Wolfgramm eventually stopped using heroin, but soon found that alcohol filled the same need that heroin once did. “Alcohol was never my drug of choice. I had all of these rules when I was on heroin – I didn’t mix it with anything. I didn’t drink on it – I didn’t do anything other than heroin. I didn’t drink for a really long time – so it wasn’t something I felt I had a problem with,” she explained. “So, when I got clean from heroin and started performing and doing gigs, part of gigging is that you get this bar tab – people give you shots. I was like, ‘That’s fine, and I’m not going to have a problem with that. I never had a problem with alcohol – I’ll just drink.’ And then the drinking became a substitute for the heroin.

“It got to the point where I was drinking a half a bottle of Crown before I could even go onstage.”

For all of the struggles she had with her darkness, music was one place where she could escape in a positive way. But because of her addiction, she was not able to initially pursue music professionally.

“I played music my whole life, but I really started going for it the last four years. I really couldn’t before that because I had a dependency on this drug and it didn’t give me a lot of options as far as being able to tour,” Wolfgramm said.

“I needed to be where my dealer was.”

And yet, difficult times made for great art. It was in her music that her darkness allowed her to thrive. “This is a conversation that me and my friends who are musicians have all the time … All the f*ckery, all the craziness that I experienced growing up … I was able to channel that into songs,” Wolfgramm explained. “You could say that artists f*cked up on heroin – that it directly related to the art they did.

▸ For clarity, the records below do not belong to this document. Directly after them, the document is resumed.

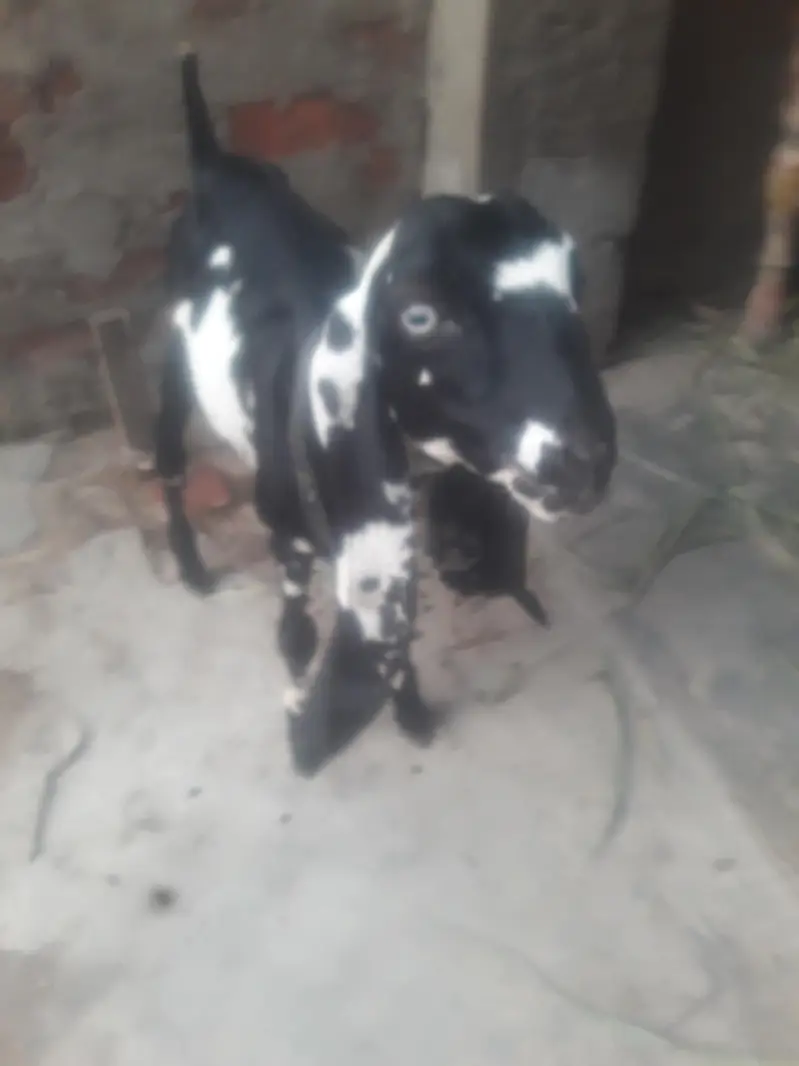 Beetal Bakra Best Quality WhatsApp 0347 2562038 — photo 2
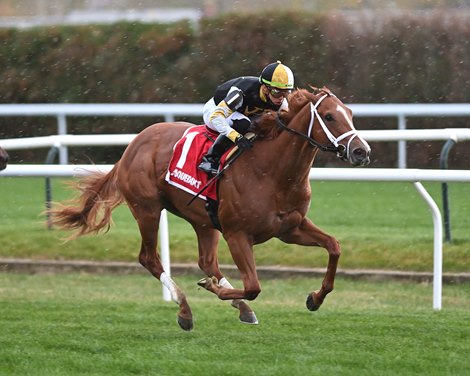 Chanceux - Maiden Win, Aqueduct, November 13, 2021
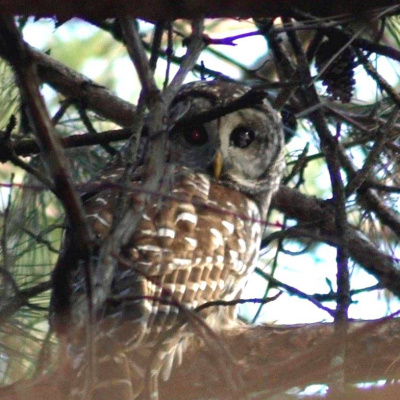 Barred Owl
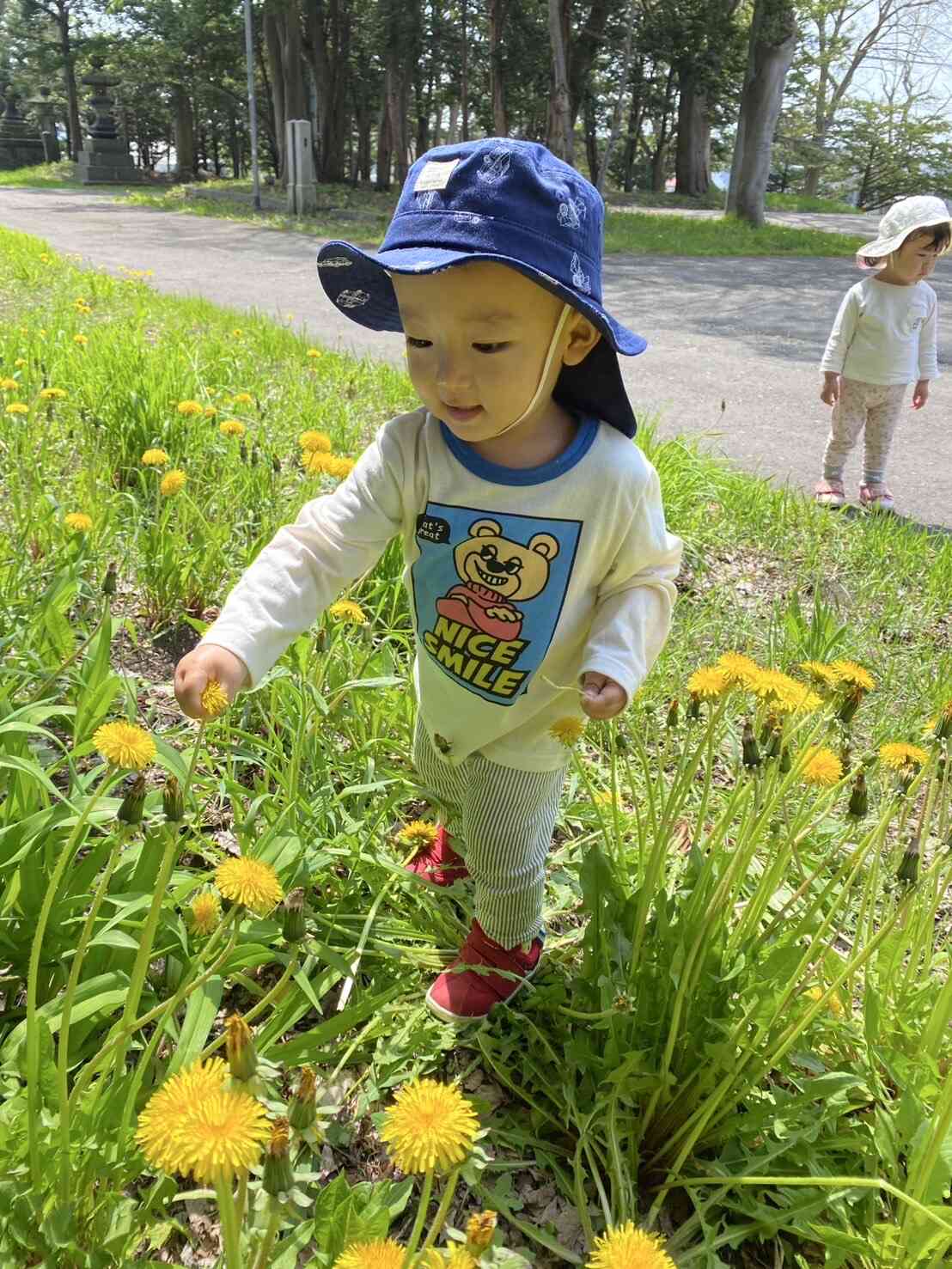 タンポポ見つめてにっこり♬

Some artists – pain drives them. And people who are on heroin – it’s a pain killer. They are experiencing pain, whether it’s psychological, emotional, physical – whatever it is … I’m even addicted to that pain.

“And I know that through that pain I’m able to channel and create something.”

And perhaps paradoxically, the more Wolfgramm shared her darkness, the better she was able to cope with addiction. And she has found that opening up works better for her than keeping her addiction a secret.

“I always put myself through the pain and did it in secrecy. And now I’m trying to talk about it more. And I write about it. And that actually helps a lot more. I think when I wrote ‘Sinner.’ It’s all about my d*uchebaggery,” she explained. “I had a tour where I was super f*cking wasted the whole time. And it was so embarrassing. I said the wrong sh*t to people and offended people and didn’t remember it the next day. And so I wrote this song about it where I say in the song, ‘I’m a f*cking black hole. I’m a f*cking *sshole.’ Because that’s how I felt. Singing those words on stage out loud and actually talking about it is what’s actually helped me, to where I literally can go onstage without drinking anything now. And it’s not something that I made a goal in my journal or something. I think it’s just happening organically – just this process of me being more open about what I’m going through.”

Wolfgramm is aware that in some ways, her artistic life is at risk as she continues her recovery. She may not feel as creative if she is free from her darkness.

“When I’m happy and things are going well – I’m not that inspired to write. I’m more inspired to live my life,” Wolfgramm described. “I think that’s what I’m here to do. I’m here to say what I need to say. And when I have nothing else to say I should stop talking. I’m not going to be one of those people who’s not inspired and still trying to write a record.

“I haven’t found a way to do that when I’m happy.”

But she realizes that recovery is a long process. And if at some point she feels that she is free from her darkness, then she is willing to let her art suffer.

“I’m better now, but I’d say I’m still working it out. I’d say I’m still an addict. I’m still struggling. I’m still grinding trying to figure out how to make it. I think I have plenty of things to be sad about without drinking alcohol,” Wolfgramm said. “I think I’m the kind of person – I write selfishly – I write therapeutically. I write for myself. And it’s going to be a beautiful thing, but also a sad thing… once I’ve said everything I have to say and worked stuff out and found happiness and success in some way. I think my work is going to suffer.

“But I think my life is going to be better.”